Treatment A general Practitioner may be required to insert a nasogastric tue, (more commonly termed as a Ryle’s tube) I) to give stomach wash in a case of poisoning as immediate first aid or II) for feeding a unconscious or semiconscious patient at home.  Technique:
  1. Take a Ryle’s Tube No.16, Lubricate its tip with liquid paraffin or xylocaine jelly. (Patient comfort can be increased by giving xylocaine liquid to swallow 5 minutes before the procedure.)
  2. Inspect the nostrils, and select the nostril which is more roomy.
  3. fix the head with left hand over the forehead, turn the tip of the nose slightly upwards, and very gently, introduce the tube – into the nostril, vertically i.e. along the floor of the nose (it should be pointing below the level of the ears.)
  4. you will first feel a small resistance or the tube touching the posterior pharyngeal wall and turning downwards introduce it for another 1”, till the tip comes to lie at the upper end of oesphagus.

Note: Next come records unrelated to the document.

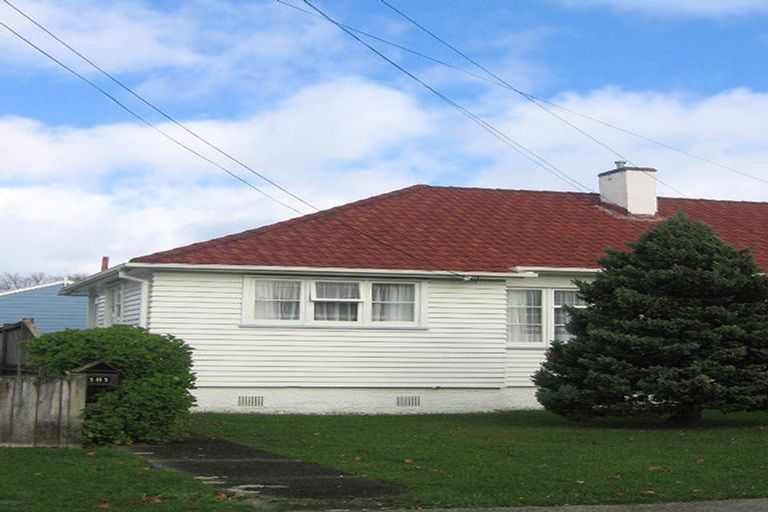 Photo of property in 161 Whites Line East, Waiwhetu, Lower Hutt, 5010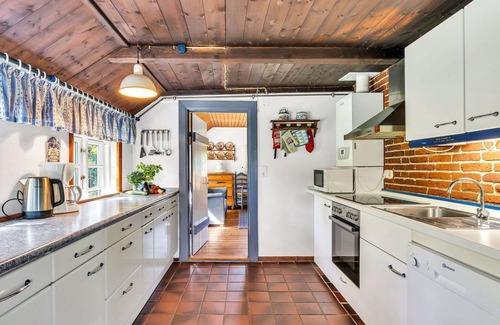 Oberndorf House | Wonderful private villa for 5 people with WIFI, TV, terrace, pets allowed and parking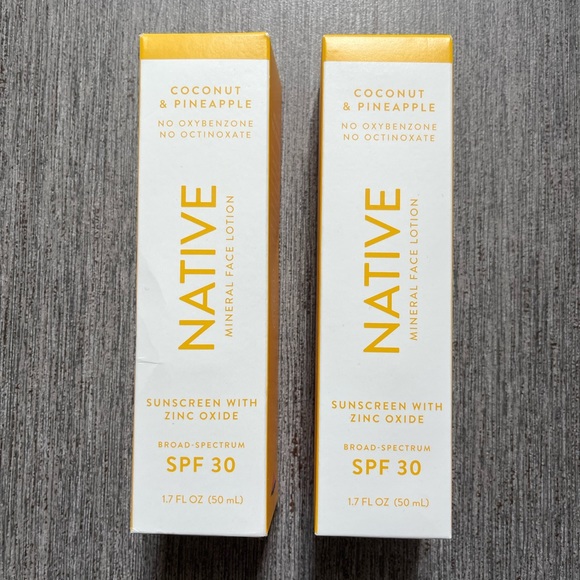 Native Coconut & Pineapple Mineral Sunscreen Lotion SPF 30 1.7 fl oz Bundle of 2 - Picture 2 of 9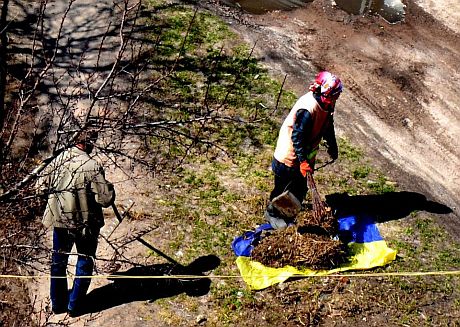 В Чернигове коммунальщики собирали мусор на полотнище, похожее на флаг Украины. Фото Аллы Филатовой 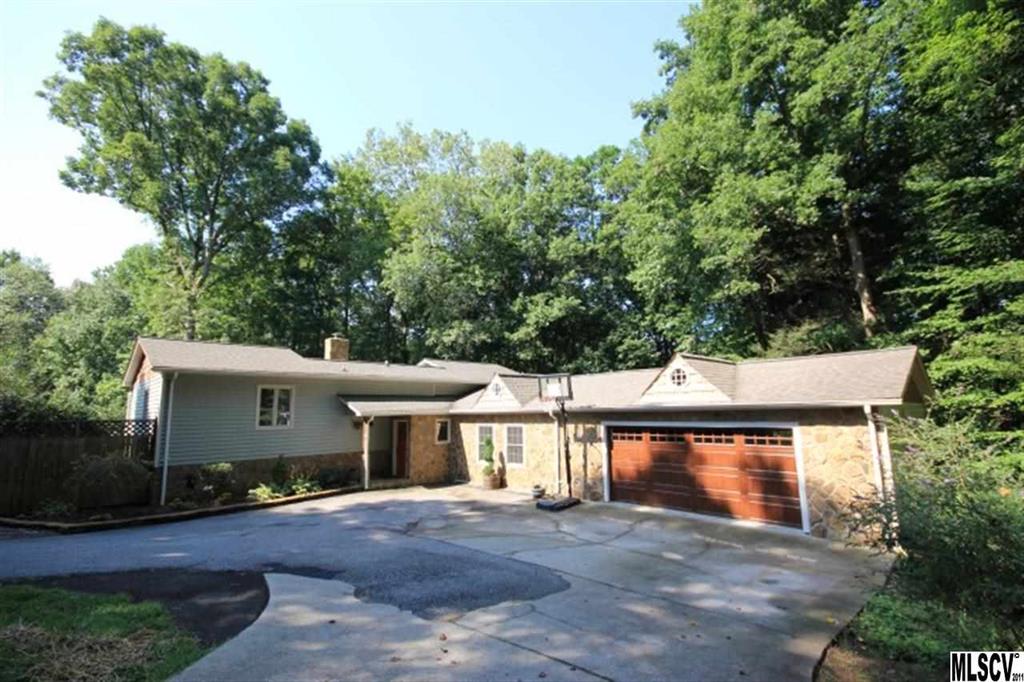 5374 Valley Run Street Hickory NC 28601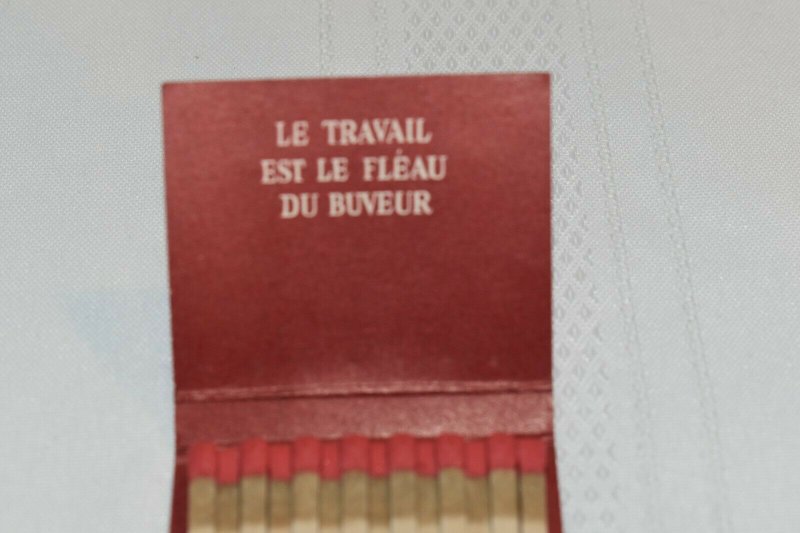 Gaslight Club Paris France Girls Chorus Line 30 Strike 3D Matchbook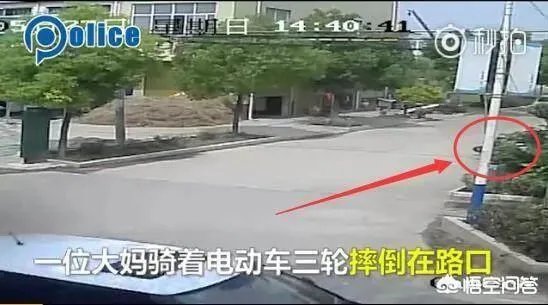 民警扶大妈被讹，大妈该得到谅解吗？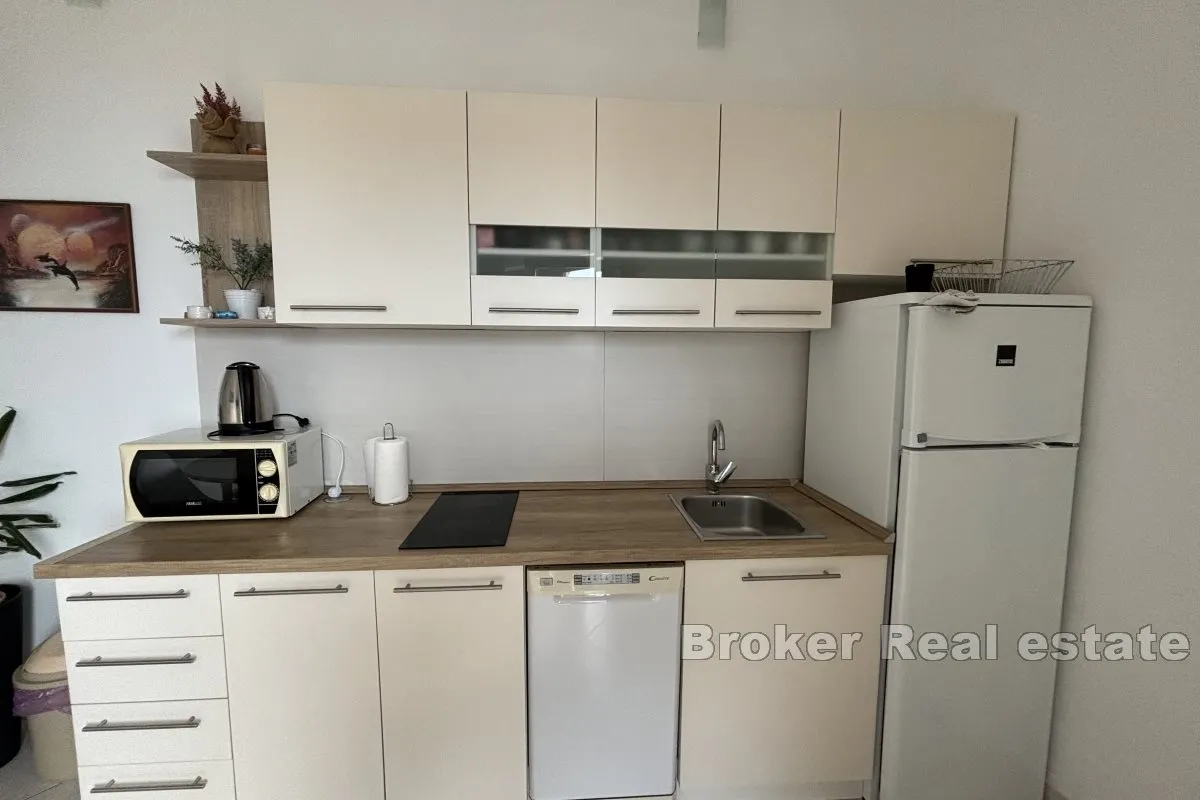 trosoban apartman s pogledom na more - slika 5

  5. Now stop her for a moment, and let the patent relax. Ask him to breath through open mouth.
  6. Then ask the patient to swallow saliva, and exactly when the larynx moves up, push the tube forwards into the esophagus.
-          if the patient coughs (usually violently), withdraw the tube immediately. It had entered the trachea. Let the bout of cough subside, and then try again. -          If the patient gags excessively, tell him to open the mouth and inspect the throat. If the tube has ruled into the pharynx & mouth, withdraw it and try again.

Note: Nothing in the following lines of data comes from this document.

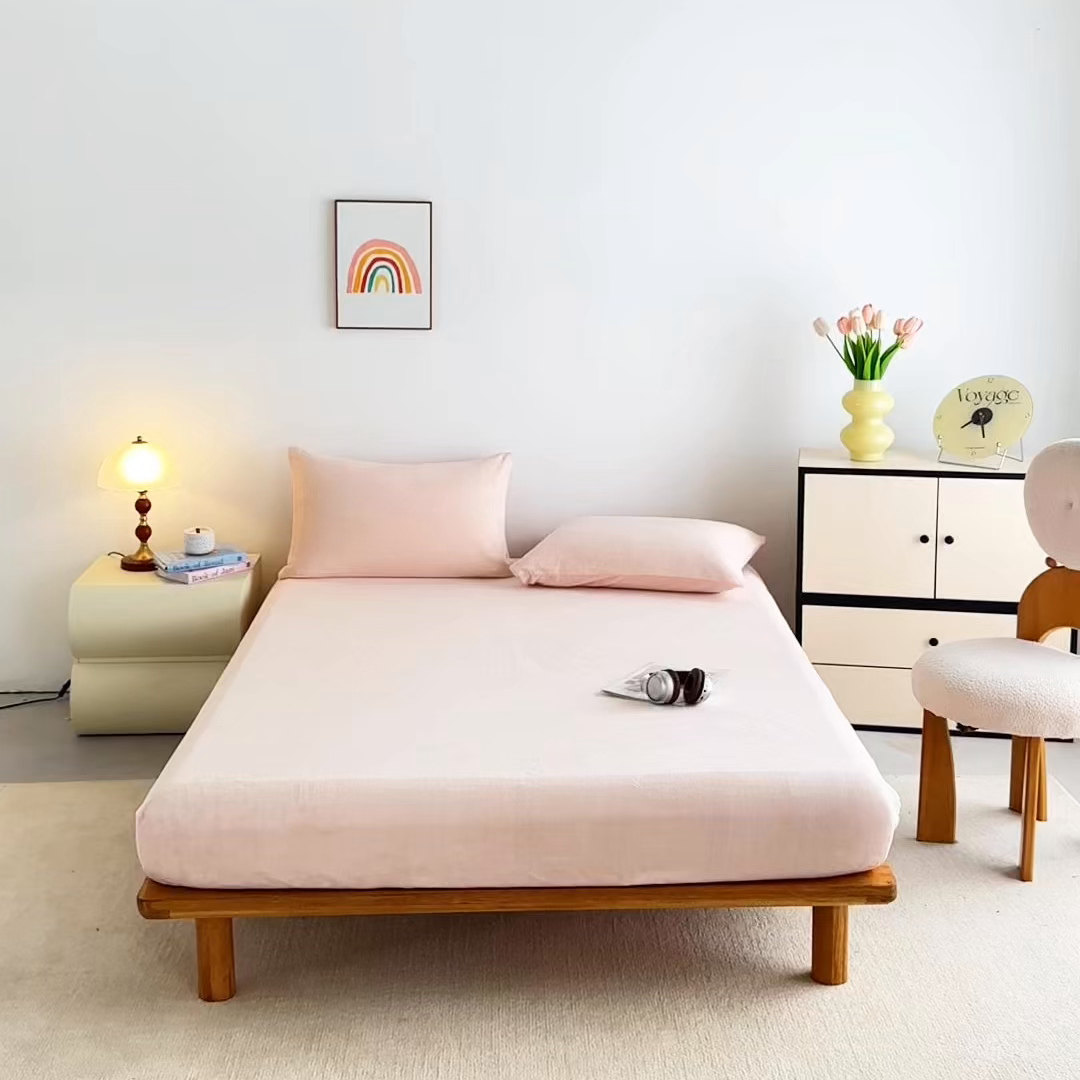 91家纺网 家纺一手货源 找家纺 曼町家居 2025新款高克重柔软牛奶绒床笠单床笠床笠单件 蜜桃粉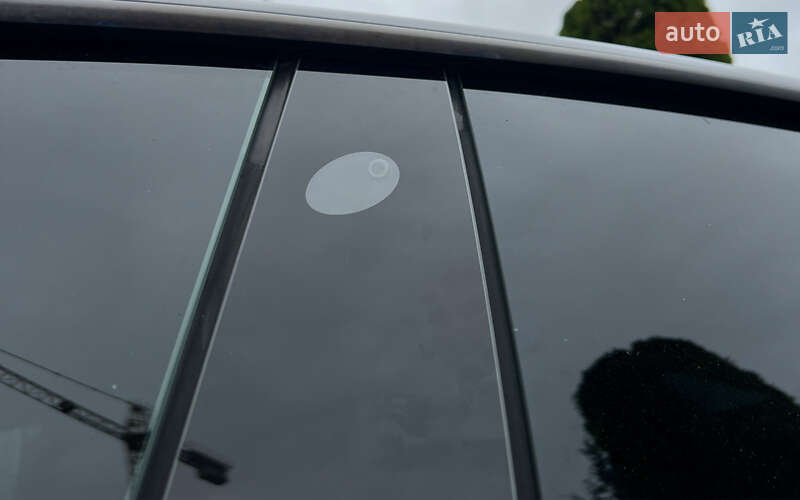 Седан Tesla Model 3 2021 в Львове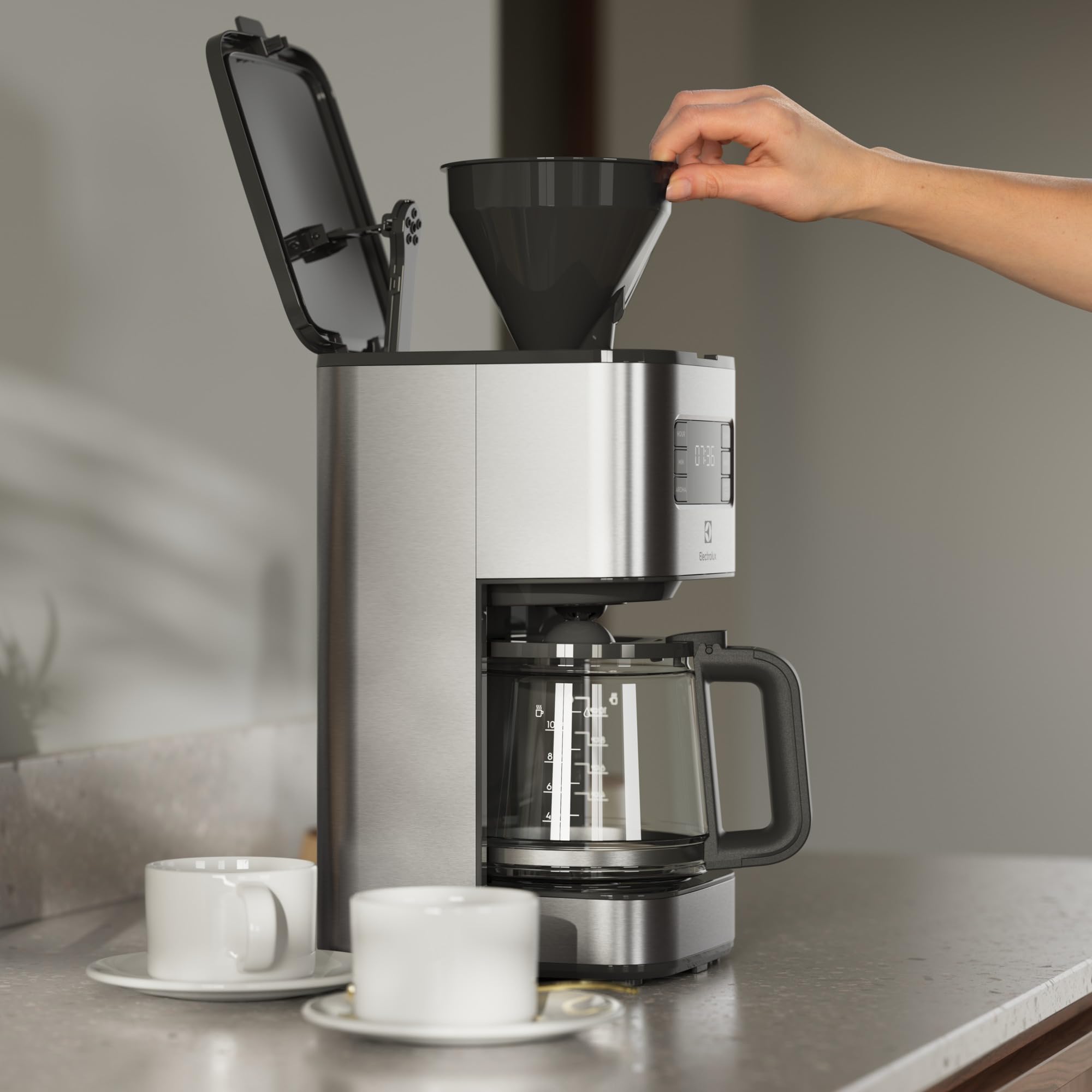 Electrolux Cafetière filtre Create 5 E5CM1-6ST, Sélection d'arômes et minuterie programmable, Puissance 1000 W, Verseuse isotherme 1,38 L, Arrêt automatique, Acier Inoxydable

  1. Once the tube has entered the oesophagus, push it steadily ahead, (no need to ask the patient to make swallowing movements now.) till the first Black mark on the tube is crossed, and stomach contents start flowing out Generally the tube is advanced upto the second mark.

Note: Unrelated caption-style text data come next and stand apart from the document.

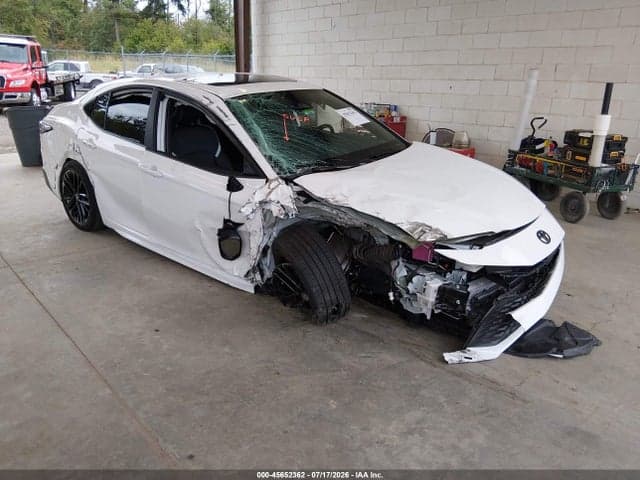 2025 TOYOTA CAMRY SE - 1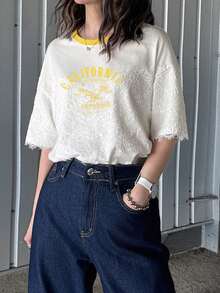 FRIFUL 女款蕾絲拼接字母印花休閒街頭風優雅日常穿搭T恤圖案短袖上衣 白色夏季城市度假旅行 - 白色 - 查看 5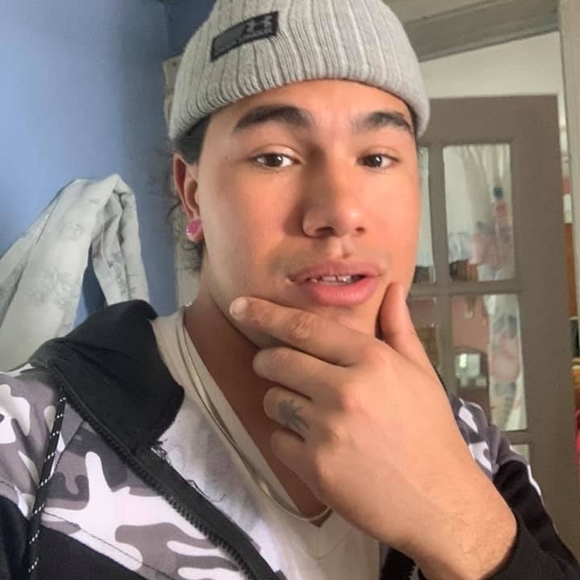 Profile Picture of Luis Centeno (@angprican) on Poshmark
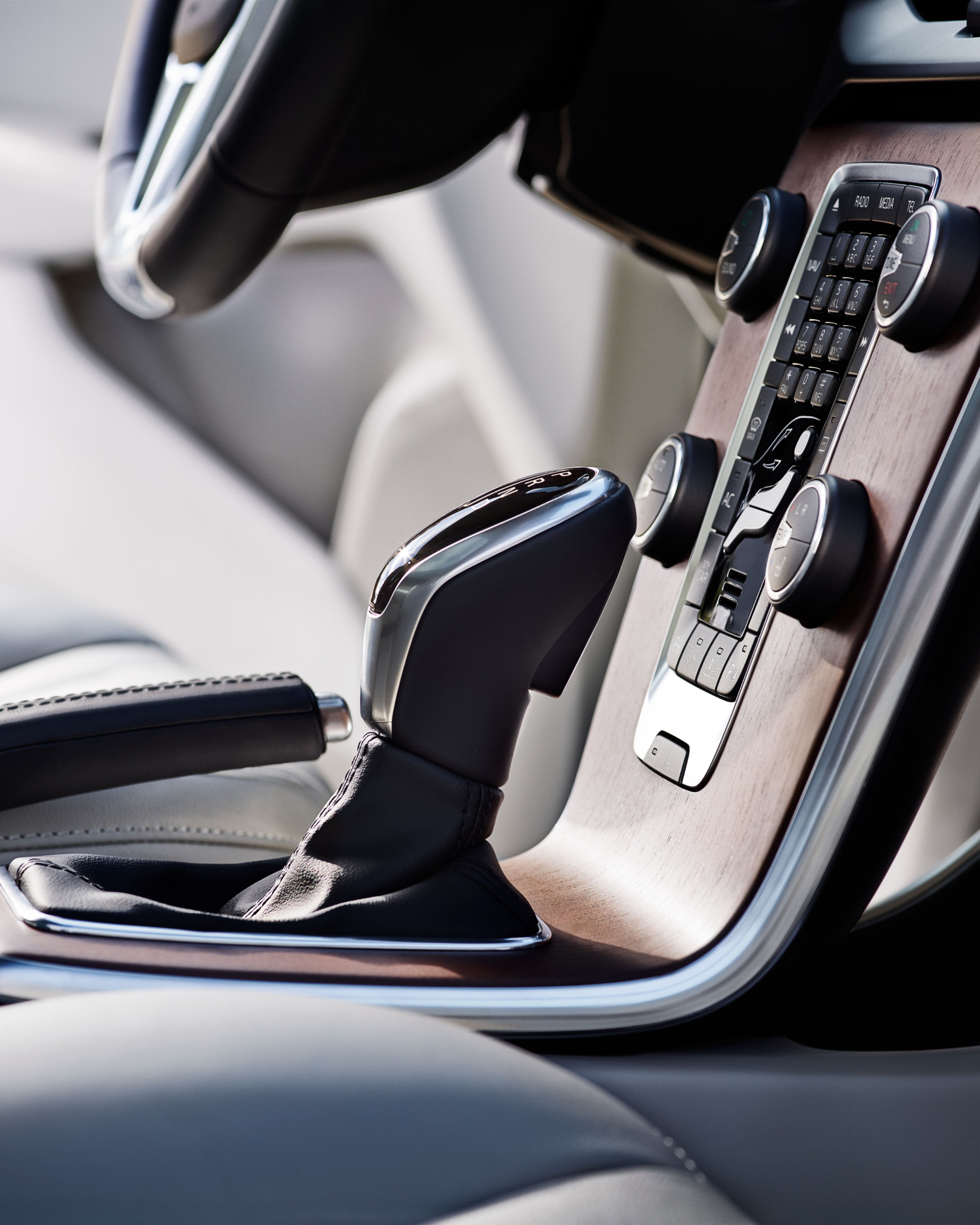 Imagem a mostrar uma Volvo V40 com a porta do condutor aberta.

  2. After confirming that the tip of the tube lies in the stomach, fix the tube with a ½ cm wide adhesive tube 2 times & ending on the other nostril or check.
 Confirmation of tube position in stomach: It is very important to be 100% sure that the tube is in the stomach, particularly when you are going to feed the patient through it and more particularly, when the patient is not fully conscious – when the tube may enter the trachea, without elicting cough reflex.
  1. Aspirate the tube with a 200c syringe. Aspiration of stomach contents confirms position.
  2. Auscultate over the left side of epigastrium. Now inject 10cc air through the Ryle’s tube with a syringe. Auscultation of a bubling sound over the stomach is confirmatory.
  3. If in doubt, dip the outer tip of Ryle’s tube in a bowl of water. Airblast with each expiration suggests that the tube is in trachea.
 Ryle’s Tube feeding:Never feed a patient through the Ryle’s tube, unless the position of its tip in stomach is confirmed. Attach a funnel or a 20/50cc syringe barrel to the open end & pour the liquids to be given. Let the liquids run into the stomach by gravity. Thicker liquids may have to be pushed with the syringe.  Feed 100 to 200cc every 2 hrs.  Aspirate before each fee, to confirm that previous feeds have moved into the intestine, and stomach is empty (very important in unconscious & bedridden patients who may vomit large quantities and aspirate) After every feed, flush the Ryle’s tube with water to avoid clogging. Then occlude the tube.  Feeds that may be given: Milk-plain or with Protein supplements, All soups, Electrolyte solutions, Readymade preparations like Recupex, fruit juices. Stomach Wash: In poisoning, it is vitally important to wash out the poison, as fast as possible. So introduce the largest available Ryle’s tube – like No. 22 or 24. Push in clean water or dilute Potassium Permanganate solution – 200 to 300 ml at a time- very rapidly into the stomach, and let it flow out. Repeat this till returning fluid is absolutely clear.  Don’t forget to collect the first sample in a bottle and sent it with the patient to the hospital where you will refer him for further treatment.